Understanding the brand, perceiving it and presenting yourself in a very professional way, too.

TRIP DURHAM: Omar, Kristene was making the point about personal appearances being part of the brand. While perception should not be solely about that outer presentation, how important is it to come to work buttoned up, I mean that literally and metaphorically, whether it's with a tie or with a sweater vest? How important is that presentation at least from what you see as an athletic director?

Omar's microphone may not be reengaged.

OMAR BANKS: Can you hear me now?

TRIP DURHAM: You are good. Go.

OMAR BANKS: Got it.

I think it's very important. Some person's perception is someone else's reality. If someone is seeing you for the first time, again, if you're wearing sweats, you look like you just stepped off the city bus after five transfers, unfortunately that's what somebody is going to look like and say this person might not be professional.

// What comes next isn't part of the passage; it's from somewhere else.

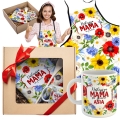 Kubek i Fartuch Kuchenny z Nadrukiem dla Mamy - Prezent na Dzień Matki - Zestaw Prezentowy dla Mamy - Wildflowers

It is a part of the brand. It is something that should be very seriously considered.

TRIP DURHAM: Sara, there's a little bit of a follow-up to your answer a little while ago. It's within that realm of advocacy, something we talked about at the top. How do you advocate for yourself? There are obviously several different elements within sports information, butts in seat is metric when which you can advocate, the number press releases, stories, personal profiles you put out. That could be an advocacy metric. How do you know how to advocate for yourself? Is it something you put a full court press on? Are you subtle about the advocacy for yourself? How do you go about it or how have you seen people go about it in the right way?

SARA BRAUN: I think kind of going back to what we were talking about earlier: you advocate for yourself differently with different people. So I think it depends on who you're talking about, who you're trying to advocate with.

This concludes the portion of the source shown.